▸ Task instructions:
Retype, word for word, every line of the records below starting at the one that contains "LT-P08 Sistema di" and ending at the one that contains "mm (1/2 BGS"; include both of those lines and nothing more.
[Opening Source data section]
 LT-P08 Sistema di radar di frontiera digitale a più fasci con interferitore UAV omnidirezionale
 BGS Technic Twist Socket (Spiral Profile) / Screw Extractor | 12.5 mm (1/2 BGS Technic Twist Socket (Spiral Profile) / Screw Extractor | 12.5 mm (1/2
[Closing Source data section]
[Opening Source data section]
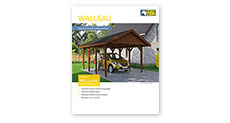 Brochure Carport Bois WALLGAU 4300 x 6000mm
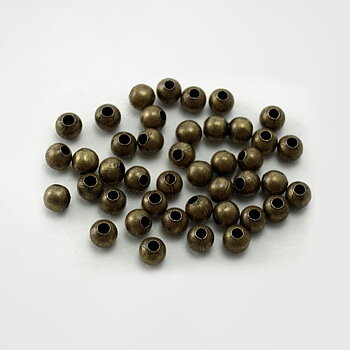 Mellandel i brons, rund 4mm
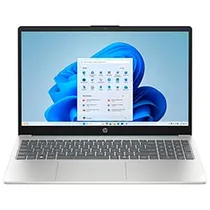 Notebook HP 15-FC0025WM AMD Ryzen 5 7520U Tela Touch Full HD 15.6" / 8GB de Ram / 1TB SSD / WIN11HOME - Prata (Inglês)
[Closing Source data section]
▸ Solution:
 LT-P08 Sistema di radar di frontiera digitale a più fasci con interferitore UAV omnidirezionale
 BGS Technic Twist Socket (Spiral Profile) / Screw Extractor | 12.5 mm (1/2 BGS Technic Twist Socket (Spiral Profile) / Screw Extractor | 12.5 mm (1/2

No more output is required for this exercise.